Diary Of An x264 Developer

11/29/2008 (2:32 pm)

Nehalem optimizations: the powerful new Core i7

Filed under: assembly,avail,benchmark,Intel,x264 ::

Here’s a piece I wrote for Avail Media to explain some of the Nehalem optimizations I made in the past month or two.

Pretty graph

Note: “X/Y” instruction timing means a latency of X clocks (after doing that instruction, one has to wait X clocks to get the results), and an inverse throughput of Y clocks (if one runs a ton of that instruction one after another, one can execute that instruction every Y clocks).

The Nehalem CPU has a number of benefits over the previous Intel generation, the Penryn processor.

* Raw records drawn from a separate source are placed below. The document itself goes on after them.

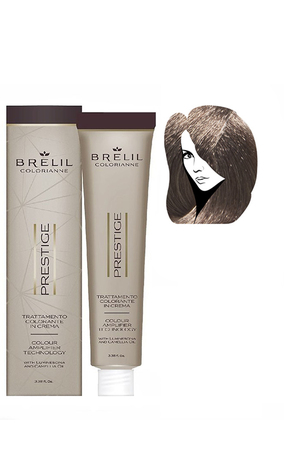 Brelil Colorianne Prestige Фарба для волосся 8/10 - Натуральний світло-попелястий блондин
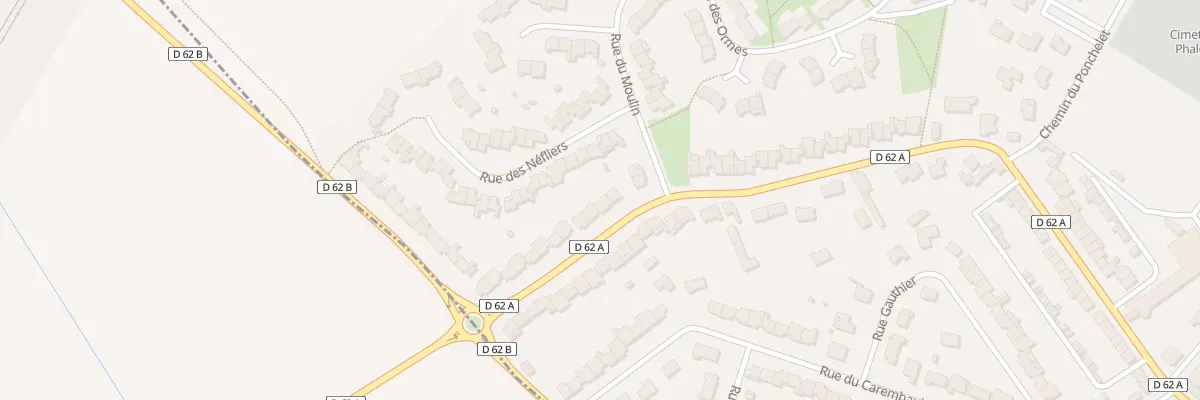Plan du 82 Rue du Cap Jasmin à Phalempin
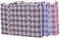 Set of 3 Jumbo STORAGE LAUNDRY SHOPPING Bags with Zippers and Handles, Size 27"x25"x5"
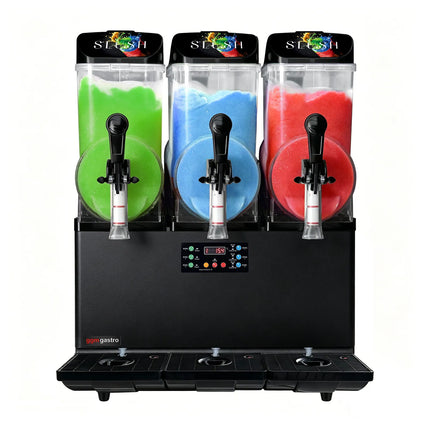 GGM Gastro Commercial Slush Machine – 3 x 12 litres – 1.1 kW – digital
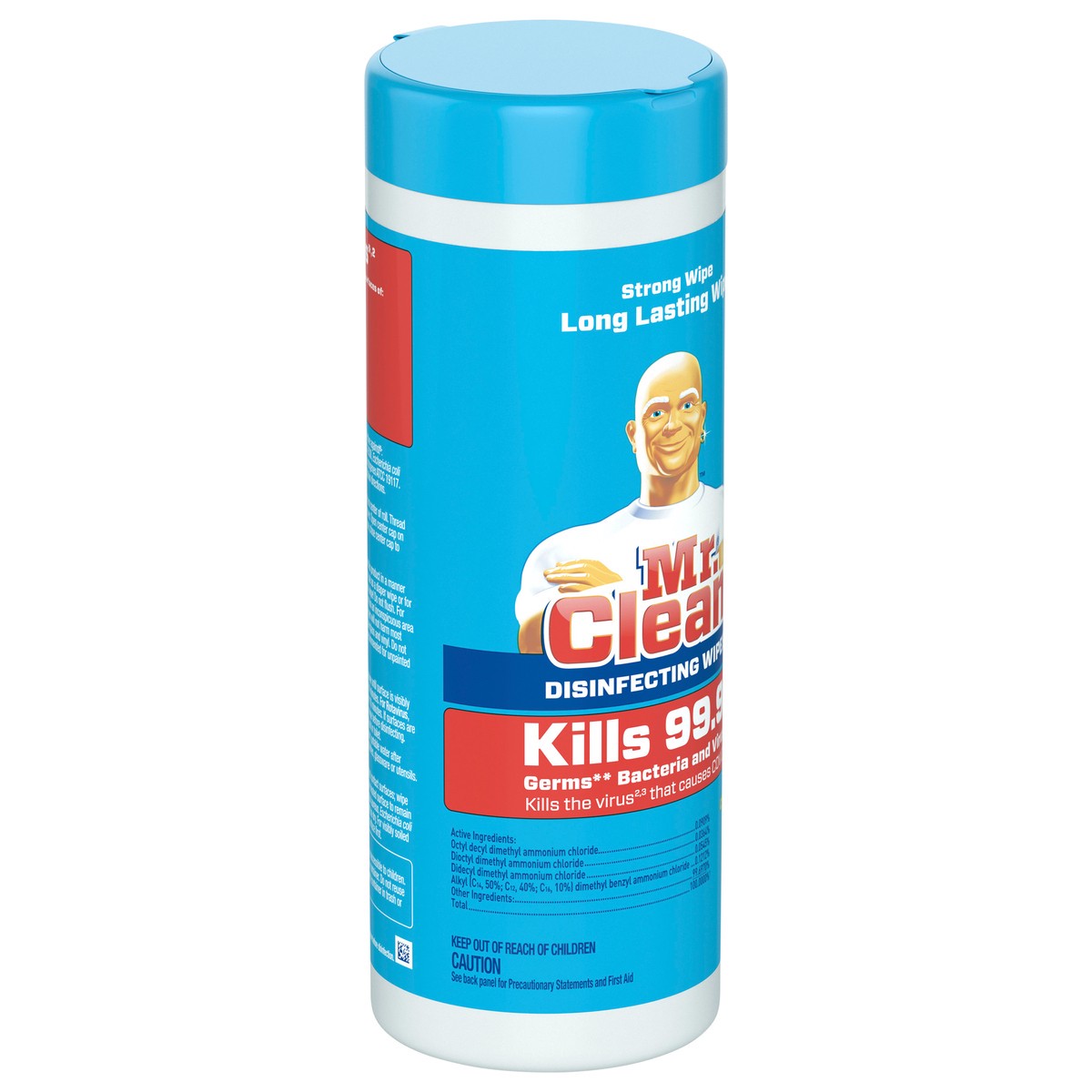 slide 2 of 3, Mr. Clean Wipes Disinfecting Citrus, 35 ct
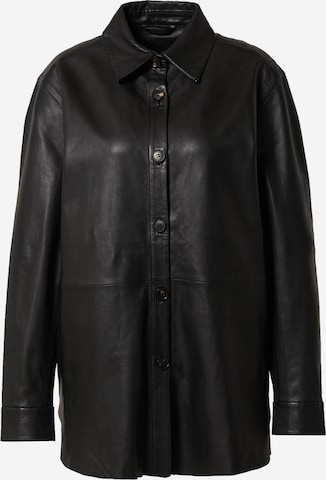 Kendall for ABOUT YOU Between-Season Jacket 'Leyla' in Black: front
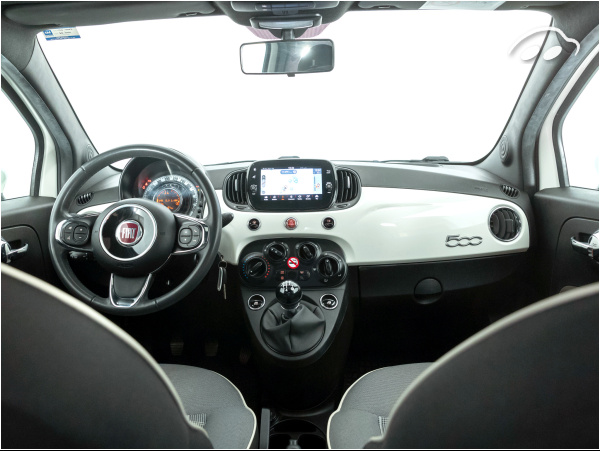 Fiat 500 1.2G 69CV LOUNGE 9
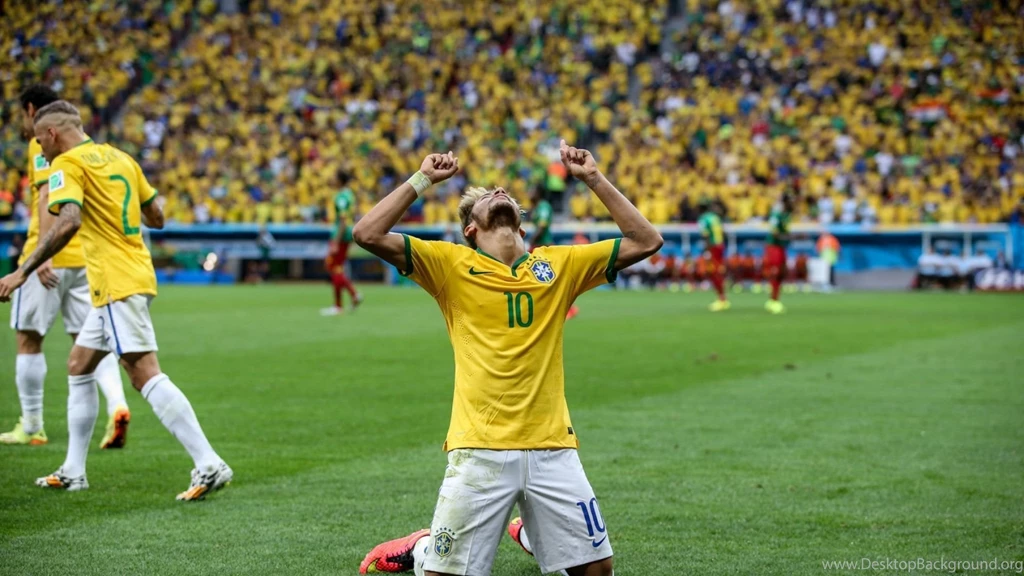 Download Wallpapers 1920x1080 Neymar, Fifa, Football Player, Soccer ...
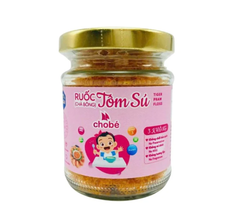 Ruốc tôm sú cho bé Lê Gia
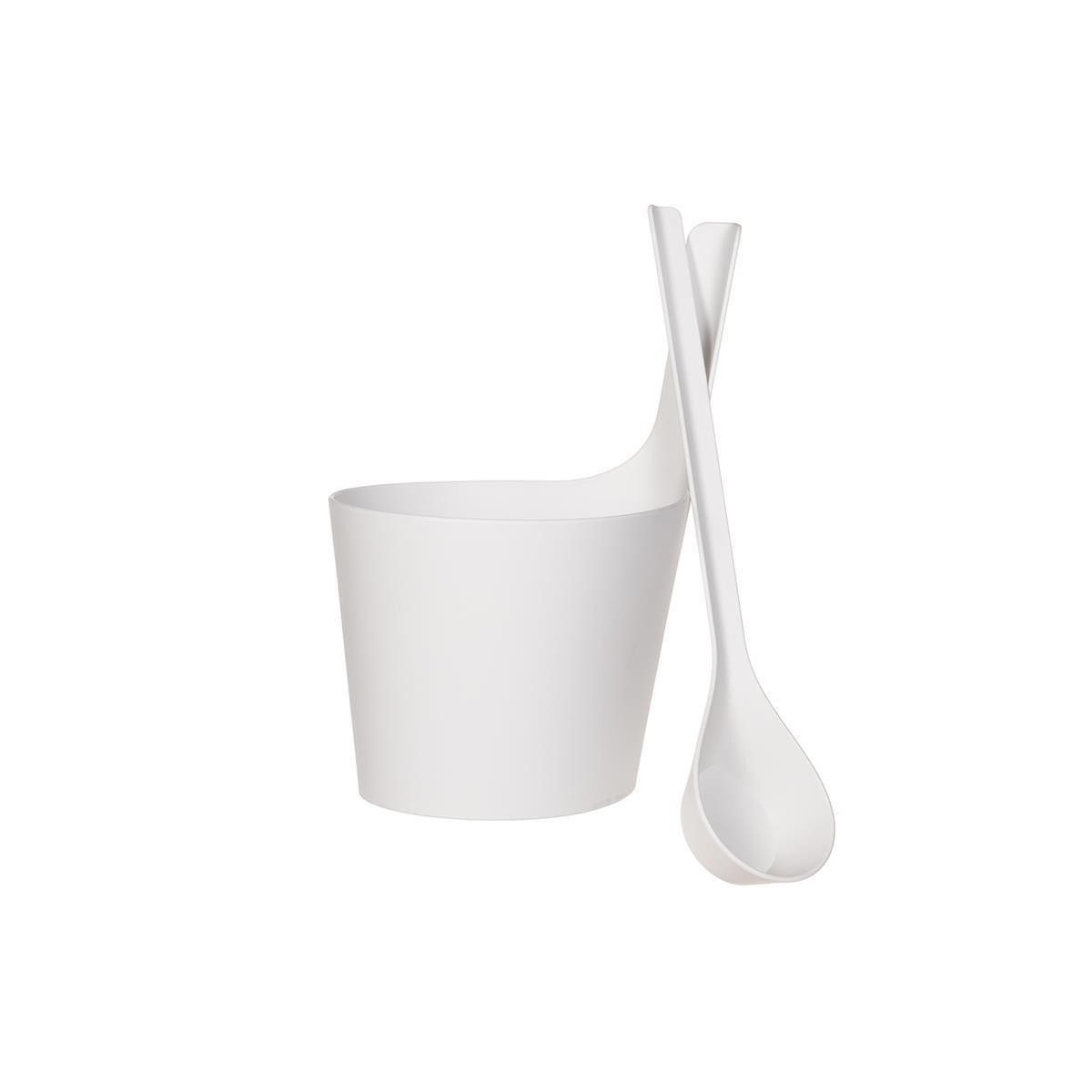 rento Sauna-Aufgussset Rento Pisara Eimer Und Schöpflöffel, Bio Set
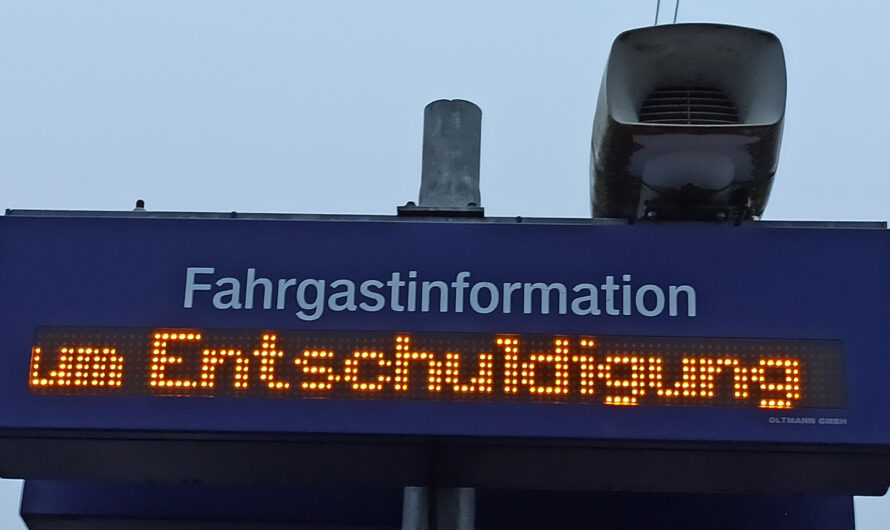 Starke Schiene… ohne Züge?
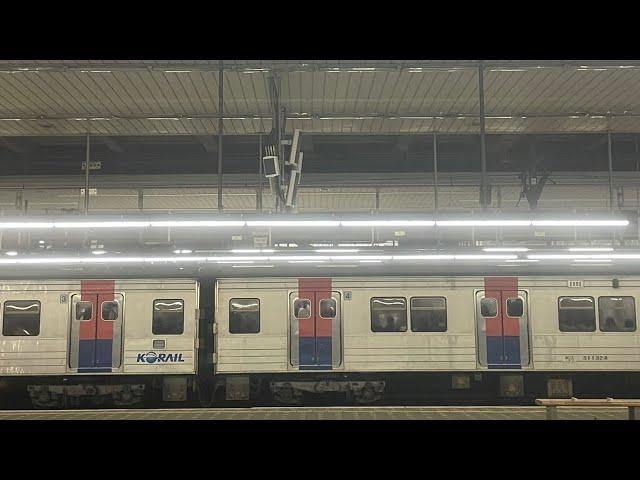 Korail Suwon station Seoul Line1 24f ペタ子    수원역 납작이 2024/4/16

First of all, the Nehalem has a much faster SSE unit than the Penryn. A huge number of SSE operations have had their throughput doubled:

All shuffle instructions
All basic math instructions (add, subtract, bitmath)
Many more complex math instructions (sign, absolute value, average, compare)
All unpack/pack instructions

These changes are hard to take advantage of: they naturally sped up a large number of functions, especially the Hadamard transform (which by definition is just a massive series of adds, subtracts, and unpacks). That is, lots of stuff got faster, but there’s no obvious way (as far as I’ve found so far) to leverage this for even more of an increase.

The cacheline split problem is basically gone: the penalty is now a mere 2 clocks instead of 12 for a cacheline-split load. This, combined with the SSE speed improvements, made it worthwhile to make SSE2 versions of width-8 SAD functions, despite the fact that this requires more instructions than the MMX versions. This also meant that all cacheline functions throughout x264 were no longer useful, and had to be disabled. One of the great benefits of this is not only making SAD faster, but that every function that made heavy use of unaligned loads got faster, even those with cacheline optimizations, but especially those without. The biggest examples, as per the graph earlier, are bipred and pixel_avg (qpel). To give an idea of the magnitude of this improvement, luma motion compensation for a 16×16 block took 150 cycles on Penryn without cacheline split optimization, 111 cycles with, and takes 62 cycles on the Nehalem.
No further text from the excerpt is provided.